Climate breakdown touches every part of the world, and every system. The current system we have does not treat people fairly, and I’m worried that the rich will continue to get richer, the poor will continue to get poorer, and that these environmental pressures will exacerbate inequalities that already exist.

When you look at heat waves, warmer temperatures tend to have a negative impact on cognitive function and on productivity. It also can affect people’s mental health negatively, suicide rates go up, domestic violence rates go up. So we need to understand that all of these issues, all of these impacts of climate breakdown have many implications.

NBMC: Do you get any negative feedback from bringing up the climate crisis in the Legislature?

Megan Mitton: I’m not sure if I’ve ever received negative… I’m trying to think… I guess there are some people online, and I use the word “trolls” because there’s certain behaviour that comes with trolls. It’s not just someone adding to a constructive conversation, it’s someone… there’s certain specific criteria. So I have had some trolls specifically upset about carbon tax policy or denying that climate change is real, but not that many. Definitely most people… I receive positive feedback regularly, especially from youth saying that they are glad that I’m bringing this issue up. So I would say I think I was elected with a mandate to speak about this, and I am getting positive feedback in regards to that.

NBMC: You spoke to the students and their supporters at the climate strike outside the legislature on May 10. What is your message to youth in New Brunswick about this?

Megan Mitton: I spoke to the youth on May 10, and I’ve spoken to youth many times now about this topic. There have been climate strikes in Sackville, regularly, and my message always is that I’m listening and I’m very glad they are speaking up. I want them to keep going and hold government accountable, because they have the right to be heard, and they have the most at stake with the climate emergency. And I encourage them to be engaged citizens and that that’s what we need: citizens to force the government to make systemic changes.

I try to remind people to not to get too caught up in the tiny things, like if they had to use a plastic straw, that’s not the end of the world, and they should have other options when it comes to making choices in their lives, they shouldn’t have to make stressful choices all the time because they don’t have good choices in the stores or in their lives. The whole system needs to change so that people aren’t constantly going through their lives having to navigate that. So we need to make systemic changes, and that’s what they are part of. So keep going. I think we’re at a tipping point. I think now is the time when things can change, and I’m so heartened to see so many youth and other citizens and other people getting involved and really pushing government, because that’s what needs to happen.

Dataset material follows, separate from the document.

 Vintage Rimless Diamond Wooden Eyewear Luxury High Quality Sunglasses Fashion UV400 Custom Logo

NBMC: Given the minority government situation in NB, we don’t know when the next provincial election will be but the federal election is on October 21. Many news media are predicting a breakthrough for the federal Greens. What are your thoughts on this?

Megan Mitton: I think it’s exciting. It looks like there is a Green surge, not just happening in New Brunswick but across the country. I think it’s very possible and very likely that there will be Greens elected across the country, from BC to Ontario to New Brunswick. I think there are some really exciting ridings and interesting races to watch. We often in the past have thought about BC as the stronghold for the Greens because Elizabeth May was elected there — but now we have three Greens in New Brunswick, eight Greens elected at the provincial level in PEI — I think the Maritimes is another Green stronghold.

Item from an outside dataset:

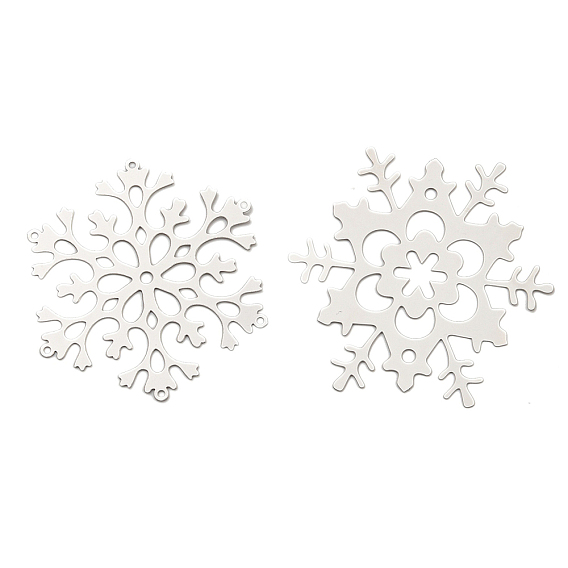 201 подвески из нержавеющей стали, гравированные металлические украшения, ссылка на снежинку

There are some really great strong candidates in New Brunswick. I know Laura Reinsborough is running in my riding of Beauséjour, Jenica Atwin is running in Fredericton, and Claire Kelly is running in the Moncton area. It’s really exciting to see such strong Green candidates stepping forward, and I think it’s sort of a positive feedback: potential candidates see that it’s a really great shot, and so we have great candidates stepping forward right now.

Susan O’Donnell is a member of the NB Media Co-op Editorial Board and a researcher on the RAVEN project.